Different strokes. One of the big Phoenix perks is that using it instead of just raw Plug has very little performance drop off. It's not a Rails vs Sinatra situation.

The Phoenix Channels implementation for websockets and the view layer for web requests are pretty phenomenal IMHO.

Isn't Phoenix just Plug + Ecto + generators and a folder structure? I always saw it as "how to use Plugs" rather than a separate project.
There are some unique bits too. Phoenix Channels is a beautiful, shit-simple pub/sub abstraction on WebSockets and provides both JS and Elixir libraries. And then came Phoenix Presence, which can track shared state (like a user's online status) in a durable and fault-tolerant way.

Both are useful libraries, but the fact that they work in server clusters as well as single-node deployments is the real kicker.
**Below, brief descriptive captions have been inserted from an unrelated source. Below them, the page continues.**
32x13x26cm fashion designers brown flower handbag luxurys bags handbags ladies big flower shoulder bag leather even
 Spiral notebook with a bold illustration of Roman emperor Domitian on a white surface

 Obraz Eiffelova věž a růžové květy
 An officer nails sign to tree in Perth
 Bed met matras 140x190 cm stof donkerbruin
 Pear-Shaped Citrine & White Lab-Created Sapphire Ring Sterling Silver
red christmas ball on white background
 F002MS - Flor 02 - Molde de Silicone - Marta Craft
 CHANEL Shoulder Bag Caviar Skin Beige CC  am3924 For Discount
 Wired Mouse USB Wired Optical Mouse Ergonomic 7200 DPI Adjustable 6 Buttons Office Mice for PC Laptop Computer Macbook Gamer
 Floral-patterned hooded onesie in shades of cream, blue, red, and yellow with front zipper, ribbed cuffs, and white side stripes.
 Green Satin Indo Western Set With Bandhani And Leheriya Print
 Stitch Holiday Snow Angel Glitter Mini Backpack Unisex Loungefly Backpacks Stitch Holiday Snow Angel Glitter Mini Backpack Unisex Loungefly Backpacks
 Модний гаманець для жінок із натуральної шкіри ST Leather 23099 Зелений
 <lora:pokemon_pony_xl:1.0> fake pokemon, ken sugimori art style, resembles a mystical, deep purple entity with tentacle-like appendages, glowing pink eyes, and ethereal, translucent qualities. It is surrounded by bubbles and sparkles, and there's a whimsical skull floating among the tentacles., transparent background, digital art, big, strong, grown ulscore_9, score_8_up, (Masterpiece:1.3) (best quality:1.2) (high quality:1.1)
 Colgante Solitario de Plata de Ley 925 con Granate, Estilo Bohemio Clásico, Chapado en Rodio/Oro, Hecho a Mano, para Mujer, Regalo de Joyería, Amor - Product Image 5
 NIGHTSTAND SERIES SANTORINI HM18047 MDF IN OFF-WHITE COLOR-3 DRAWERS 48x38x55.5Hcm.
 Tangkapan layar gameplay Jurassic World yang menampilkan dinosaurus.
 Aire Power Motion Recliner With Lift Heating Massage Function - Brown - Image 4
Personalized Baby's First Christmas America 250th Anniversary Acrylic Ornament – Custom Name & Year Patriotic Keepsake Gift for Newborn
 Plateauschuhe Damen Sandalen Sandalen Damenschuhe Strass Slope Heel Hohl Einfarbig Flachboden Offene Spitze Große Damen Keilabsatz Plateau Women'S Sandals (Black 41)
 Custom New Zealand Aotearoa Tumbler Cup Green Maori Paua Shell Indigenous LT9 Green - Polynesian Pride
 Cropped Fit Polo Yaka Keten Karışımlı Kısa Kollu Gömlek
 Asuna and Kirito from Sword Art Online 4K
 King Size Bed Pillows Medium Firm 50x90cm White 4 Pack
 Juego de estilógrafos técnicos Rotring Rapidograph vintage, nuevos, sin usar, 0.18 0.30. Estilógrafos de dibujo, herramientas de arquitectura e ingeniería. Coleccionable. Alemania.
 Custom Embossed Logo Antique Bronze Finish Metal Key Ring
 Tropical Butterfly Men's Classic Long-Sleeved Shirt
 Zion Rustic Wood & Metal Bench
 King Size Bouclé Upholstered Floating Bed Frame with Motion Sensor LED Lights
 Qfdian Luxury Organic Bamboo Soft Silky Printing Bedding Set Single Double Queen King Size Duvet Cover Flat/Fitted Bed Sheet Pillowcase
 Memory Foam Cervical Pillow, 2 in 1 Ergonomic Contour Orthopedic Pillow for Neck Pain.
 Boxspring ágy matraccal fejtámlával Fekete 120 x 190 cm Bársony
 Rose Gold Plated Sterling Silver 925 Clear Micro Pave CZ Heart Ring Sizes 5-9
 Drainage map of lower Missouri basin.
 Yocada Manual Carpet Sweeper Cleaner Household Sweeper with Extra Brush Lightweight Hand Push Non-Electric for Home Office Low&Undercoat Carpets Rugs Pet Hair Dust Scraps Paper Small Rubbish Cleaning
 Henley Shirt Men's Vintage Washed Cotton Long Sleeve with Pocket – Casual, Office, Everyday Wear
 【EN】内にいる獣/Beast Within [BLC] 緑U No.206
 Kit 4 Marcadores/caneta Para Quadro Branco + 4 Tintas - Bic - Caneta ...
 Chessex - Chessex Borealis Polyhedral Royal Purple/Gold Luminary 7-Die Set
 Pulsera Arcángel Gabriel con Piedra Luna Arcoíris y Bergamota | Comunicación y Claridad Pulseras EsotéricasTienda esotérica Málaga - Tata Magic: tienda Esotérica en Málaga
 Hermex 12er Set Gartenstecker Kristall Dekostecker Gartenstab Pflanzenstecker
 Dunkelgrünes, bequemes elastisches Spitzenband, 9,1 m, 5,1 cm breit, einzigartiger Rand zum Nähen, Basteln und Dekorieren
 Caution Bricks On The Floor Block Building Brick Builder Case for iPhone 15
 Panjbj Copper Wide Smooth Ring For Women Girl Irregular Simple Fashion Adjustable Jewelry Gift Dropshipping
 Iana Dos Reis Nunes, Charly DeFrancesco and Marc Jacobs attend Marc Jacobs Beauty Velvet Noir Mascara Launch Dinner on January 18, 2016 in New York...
That's just how Erlang rolls.

That's just genservers though right? All of this stuff is just Elixir and generally can be done in Elixir in a few lines of code.

We're experimenting with a truly OTP driven web application right now(No API) where we connect the React app directly to the Elixir backend and only persist to a database on log out. Everything else is persisted in memory and run through genservers which are self healing and self hydrating.

Pretty much anything of value in the Elixir ecosystem is "just" genservers. OTP remains the star of the show.